== Segment start ==
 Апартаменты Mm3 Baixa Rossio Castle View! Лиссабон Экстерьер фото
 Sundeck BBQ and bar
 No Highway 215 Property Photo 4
== Segment end ==
== Segment start ==
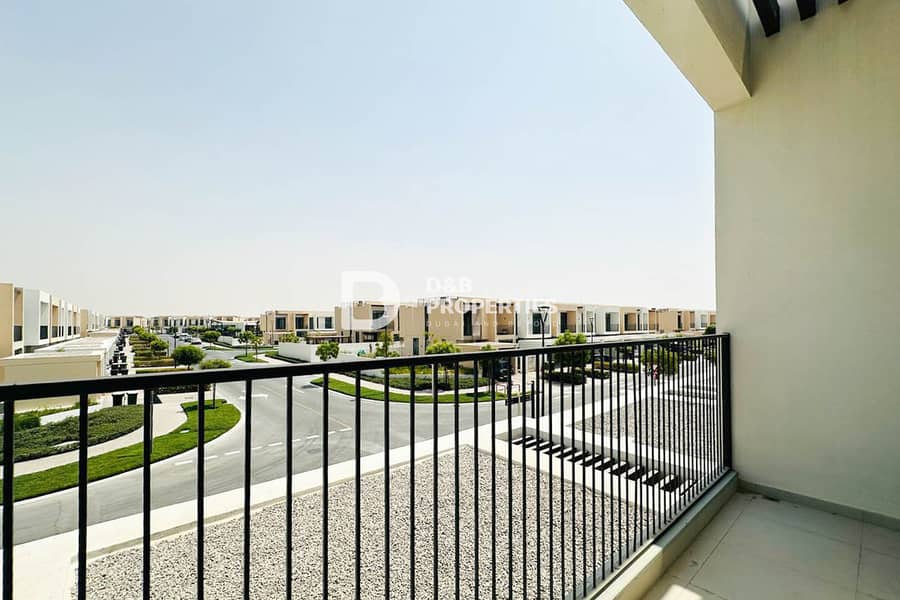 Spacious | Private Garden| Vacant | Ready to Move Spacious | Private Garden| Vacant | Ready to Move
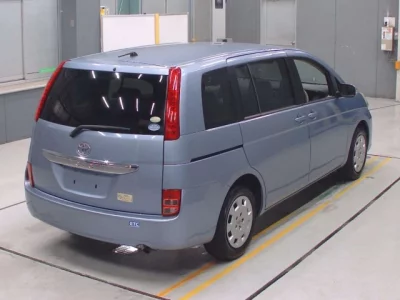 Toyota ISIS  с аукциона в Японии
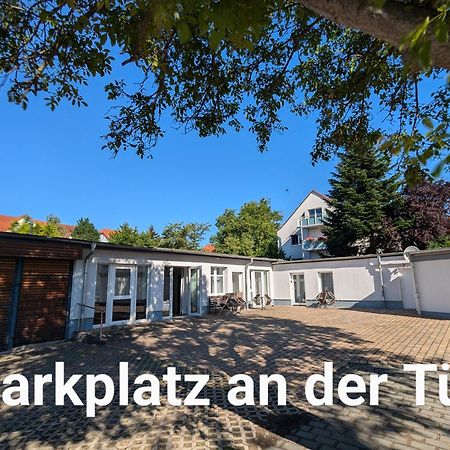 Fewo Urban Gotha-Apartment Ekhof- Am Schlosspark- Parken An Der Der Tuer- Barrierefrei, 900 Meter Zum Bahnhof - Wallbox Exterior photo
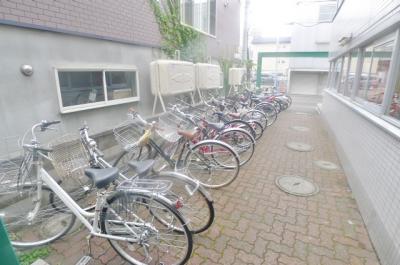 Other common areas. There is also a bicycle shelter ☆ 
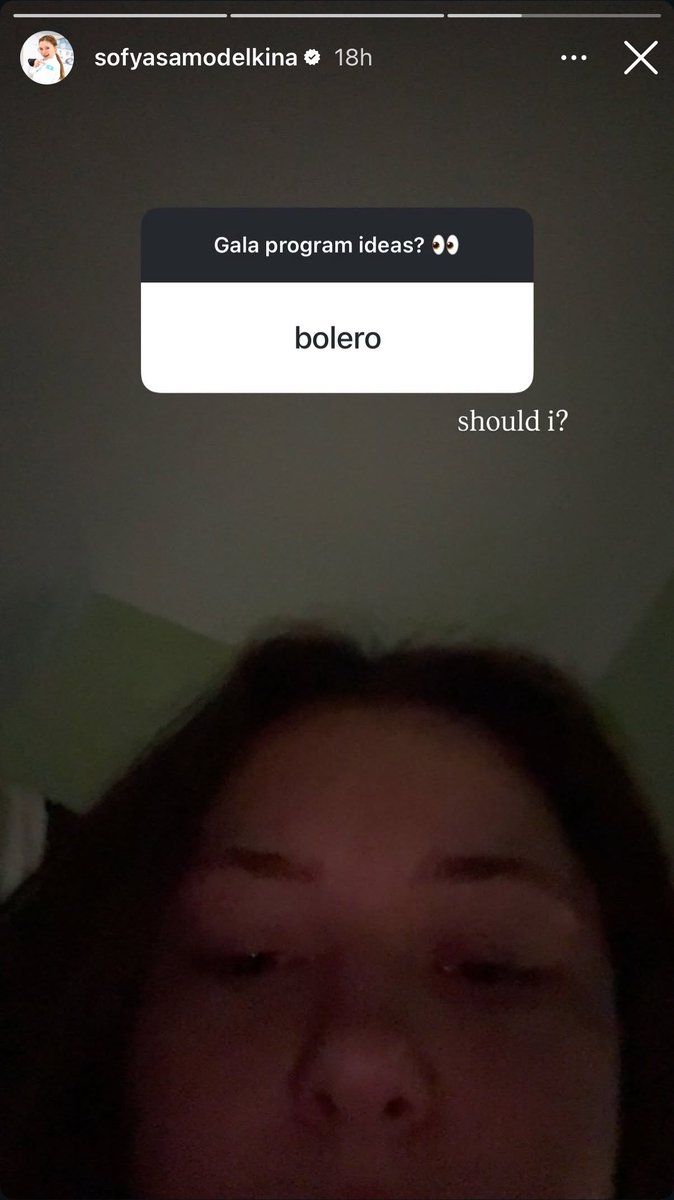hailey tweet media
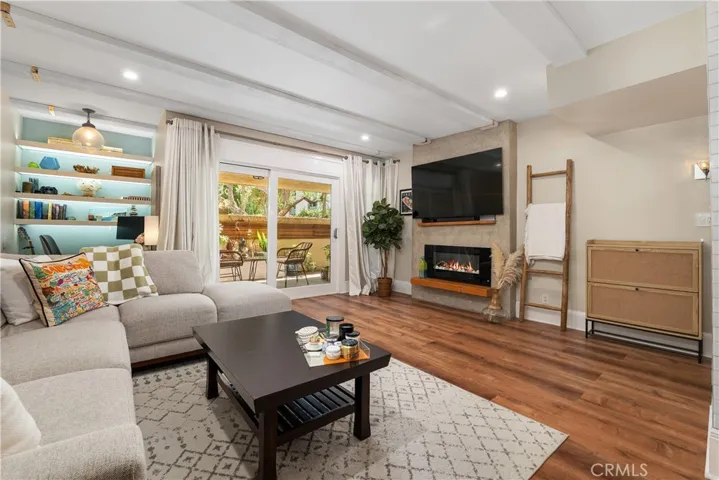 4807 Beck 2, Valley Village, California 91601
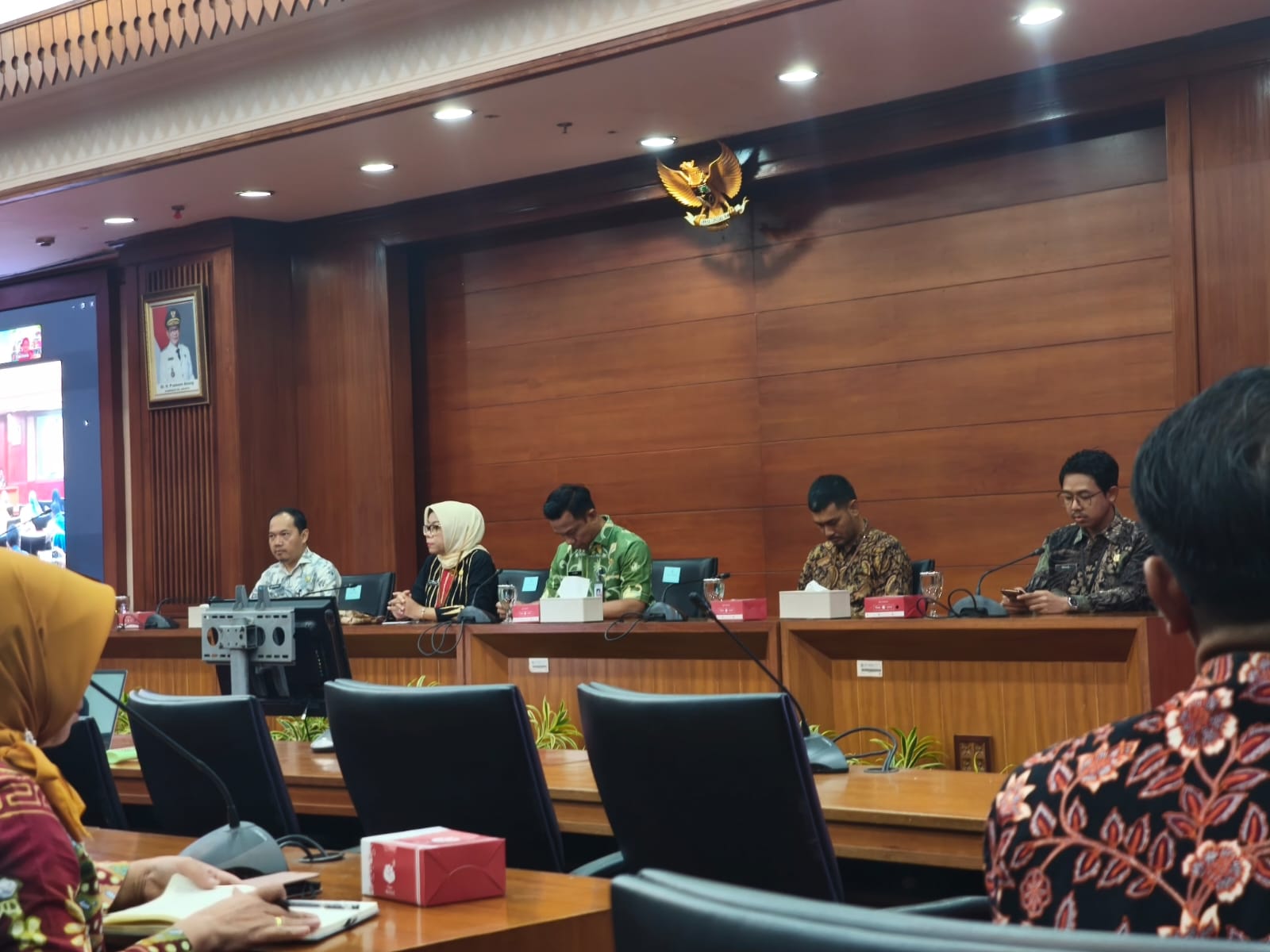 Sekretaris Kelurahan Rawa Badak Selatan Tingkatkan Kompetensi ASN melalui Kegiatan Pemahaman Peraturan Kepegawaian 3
== Segment end ==
→ PROBLEM DESCRIPTION:
Set down, exactly as they stand above, the lines starting with the line with "Sundeck BBQ and bar" and going on through the line with "No Highway 215 Property Photo 4", and no others.

→ RESPONSE:
 Sundeck BBQ and bar
 No Highway 215 Property Photo 4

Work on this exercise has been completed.